The New Marketing Strategy

Doug Schust - Friday, May 22, 2009
I’ve bludgeoned you all with survey results, spending information, and agency forecasts to drive home the point that a titanic shift is taking place from offline to online marketing. With 70% of product and service searches beginning online, it’s no surprise the marketing dollars are flowing in that direction, toward the people.

Your phone calls and emails are supportive but many of you are experiencing issues with your leadership. This is what I’m told:

Senior management refuses to act and are ignoring their own real-world experiences, since they too use Google and make purchases online. That frustrates people.  Here’s what that sounds like over the phone: “We sit around and talk about web-commerce and being found on Google all the time, but we never decide anything…” Line two: “We know our web-strategy is poor but we have other priorities that we're more comfortable working on, so that’s where our time and money goes. I guess it’s a comfort thing but it’s costing us sales.”

In second place (sorry senior management), leadership is dumb. Ever heard that one before? The grumbling comes because senior management says they believe the data and think of themselves as fairly web-literate. Really? One very frustrated VP said, “I’ve been pounding the table for over a year and they just don’t get it.” Another person said, “We spent a lot of money on a good website and they (senior management) actually think we’re done. That no other actions are required…it’s amazing.”

The grumbling and accusations are not new to senior managers. It’s no fun but when knowledge and action fail to intersect, they take the brunt of the storm. It comes with the big check.

The solution is having a clear marketing strategy that begins with a web-strategy. That’s right, new marketing strategies begin on the web, not the other way around.

Here’s the image:


It’s a three-part strategy that forms a virtuous cycle, with each part supporting the other two and all of them supported by traditional marketing tactics. The results are clearer messaging, better branding, new sales leads, increased revenue, higher margins and a lower cost-to-serve model. It’s a very productive cycle.

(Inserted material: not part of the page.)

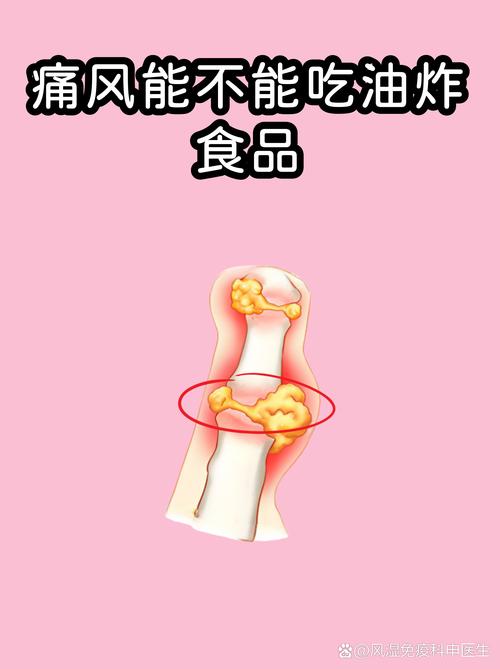 痛风可以吃油炸食品吗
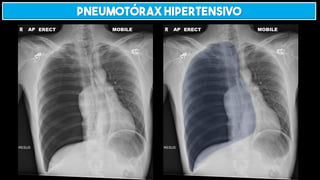 Pneumotórax hipertensivo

  1. Social media locations like YouTube, LinkedIn, Twitter, or whatever works for your company, are great for having direct conversations with your customers. You need to know what they’re thinking. It’s Marketing 101 stuff; only the data-collection tools have changed. You can call your customers if you want but you’ll probably get voicemail. They’re online.
  2. The reason social media activity is important is because it will improve your rankings on the search engines. That means all those great products and services you offer, as well as that fantastic website you invested in, can actually be found by customers. Did I mention 70% of product and service searches begin online, mostly on Google?
  3. Marketing generated action, such as Blogs, search engine optimization (SEO) strategies, pay-per-click (PPC) advertising, and adding videos and photos to your site, not only provide fodder for social media, they also drive search engine rankings. Google bought YouTube so it’s no surprise that YouTube videos rank high in Google’s algorithms.

Traditional marketing doesn’t go away, advertising and print media still have their role. It’s a supporting role.

The payoff for all this strategy is more website traffic to drive sales. Finally, something we can all agree on.